Depois de vários passos e de ser feita toda a verificação de possíveis erros, os itens vão para um chamado banco de perguntas, uma plataforma electrónica, na qual, depois de inseridos, podem ser escolhidos para serem incluídos nos testes.

Estudos
Em Portugal, os professores que vão conduzir o teste receberam formação de Cambridge – deram formação a 100 team leaders portugueses. Por exemplo, nas orais, os docentes não podem sequer abanar a cabeça, não podem dar qualquer pista sobre a resposta correcta. Além disso, estas orais não são feitas da forma tradicional, entre professor e aluno. São conversas entre dois, às vezes três, estudantes. Para avaliar a interacção entre eles.

Em Cambridge ainda se faz trabalho de investigação. Os resultados dos exames são avaliados, produzem-se relatórios. Jane Lloyd, que trabalha nesse departamento, explica que, no caso de Portugal, estão a analisar o impacto que a realização destes testes vai ter na sala de aula e como irá progredir o nível de inglês num período de três anos. No teste feito em 2014, Key for Schools, a parte da audição foi aquela em que os alunos portugueses do 9.º ano se saíram melhor. A pior foi a oral. Este ano, o Preliminary English Test vai ser mais puxado.

De acordo com os relatórios produzidos, a falta de confiança dos alunos pode ser uma das razões para os fracos resultados na parte oral. Os alunos ouvem músicas e vêm filmes em inglês, daí terem tido um desempenho melhor na audição. Mas lêem poucas revistas e livros. A leitura fica-se por jogos de computador e sites.

Uma grande percentagem de alunos, pais, professores e directores ouve músicas em inglês todos ou quase todos os dias, bem como filmes ou programas de televisão – nos alunos e professores, a percentagem ultrapassa os 80%, nos pais e directores os 60%. Porém, quando questionados sobre com que frequência lêem livros, revistas ou jornais em inglês, mais de 30% dos alunos e mais de 40% dos pais nunca o faz.
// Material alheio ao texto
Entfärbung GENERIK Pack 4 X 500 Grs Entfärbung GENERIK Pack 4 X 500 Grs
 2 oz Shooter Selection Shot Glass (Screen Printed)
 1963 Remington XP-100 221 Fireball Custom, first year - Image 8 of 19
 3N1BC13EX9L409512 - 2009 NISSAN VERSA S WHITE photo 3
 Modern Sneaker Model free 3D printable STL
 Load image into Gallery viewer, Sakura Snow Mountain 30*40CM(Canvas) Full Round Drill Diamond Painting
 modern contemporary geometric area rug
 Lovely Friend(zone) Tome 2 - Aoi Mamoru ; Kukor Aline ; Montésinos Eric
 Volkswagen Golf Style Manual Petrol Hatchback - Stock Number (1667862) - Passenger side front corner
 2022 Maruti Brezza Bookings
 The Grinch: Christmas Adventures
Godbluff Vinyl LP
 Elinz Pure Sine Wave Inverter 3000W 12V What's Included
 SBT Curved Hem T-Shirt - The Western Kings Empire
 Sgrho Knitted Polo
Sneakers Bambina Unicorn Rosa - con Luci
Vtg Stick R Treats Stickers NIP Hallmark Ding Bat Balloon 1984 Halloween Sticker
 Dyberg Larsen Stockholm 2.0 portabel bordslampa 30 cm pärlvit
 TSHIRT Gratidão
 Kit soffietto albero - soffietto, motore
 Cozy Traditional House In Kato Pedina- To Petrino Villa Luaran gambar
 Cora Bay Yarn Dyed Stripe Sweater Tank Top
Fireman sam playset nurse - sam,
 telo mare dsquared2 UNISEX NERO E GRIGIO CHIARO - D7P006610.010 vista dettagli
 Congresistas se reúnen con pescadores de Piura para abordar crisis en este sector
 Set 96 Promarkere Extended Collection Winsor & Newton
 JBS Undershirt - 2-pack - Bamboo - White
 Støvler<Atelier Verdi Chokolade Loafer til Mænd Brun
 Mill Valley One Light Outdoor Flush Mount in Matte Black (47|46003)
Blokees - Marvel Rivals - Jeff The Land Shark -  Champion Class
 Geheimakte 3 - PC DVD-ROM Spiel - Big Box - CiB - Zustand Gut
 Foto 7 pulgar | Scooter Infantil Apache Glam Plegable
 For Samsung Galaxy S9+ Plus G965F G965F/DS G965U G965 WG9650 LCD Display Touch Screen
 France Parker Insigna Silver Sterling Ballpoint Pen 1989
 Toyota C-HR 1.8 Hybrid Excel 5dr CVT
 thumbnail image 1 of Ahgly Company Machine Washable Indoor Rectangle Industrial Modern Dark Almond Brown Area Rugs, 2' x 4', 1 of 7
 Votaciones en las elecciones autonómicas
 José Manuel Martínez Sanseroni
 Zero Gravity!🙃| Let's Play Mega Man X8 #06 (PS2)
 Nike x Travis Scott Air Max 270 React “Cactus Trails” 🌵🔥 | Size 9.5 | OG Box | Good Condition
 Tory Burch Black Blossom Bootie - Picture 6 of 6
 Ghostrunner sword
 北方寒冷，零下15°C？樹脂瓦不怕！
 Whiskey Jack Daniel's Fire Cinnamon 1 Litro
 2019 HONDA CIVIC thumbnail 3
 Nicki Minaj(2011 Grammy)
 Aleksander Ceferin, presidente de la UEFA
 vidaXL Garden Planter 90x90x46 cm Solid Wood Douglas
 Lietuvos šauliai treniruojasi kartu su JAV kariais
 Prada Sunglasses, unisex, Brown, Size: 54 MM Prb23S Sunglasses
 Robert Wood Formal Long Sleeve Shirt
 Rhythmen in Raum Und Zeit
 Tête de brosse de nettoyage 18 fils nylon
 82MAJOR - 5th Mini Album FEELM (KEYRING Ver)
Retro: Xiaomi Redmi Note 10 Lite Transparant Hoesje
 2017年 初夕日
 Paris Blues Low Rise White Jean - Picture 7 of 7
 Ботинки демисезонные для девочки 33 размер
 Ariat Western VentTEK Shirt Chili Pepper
No grupo dos docentes, cerca de 35% fá-lo diariamente ou quase todos os dias. Para este relatório, 1084 professores e 1425 pais, familiares e encarregados de educação responderam a um questionário online (19 participaram, entre outras formas, através de entrevistas).

Há ainda um contraste no que se refere ao tempo passado nas aulas: 40% dos alunos dizem que passam mais tempo com gramática, enquanto cerca de 35% dos professores afirmam que nas aulas dedicam mais tempo à parte oral. Neste documento, refere-se, porém, que é necessário melhorar o desempenho dos alunos na parte oral.

O PÚBLICO viajou até Cambridge a convite do IAVE (Instituto de Avaliação Educativa) e do Cambridge English Language Assessment.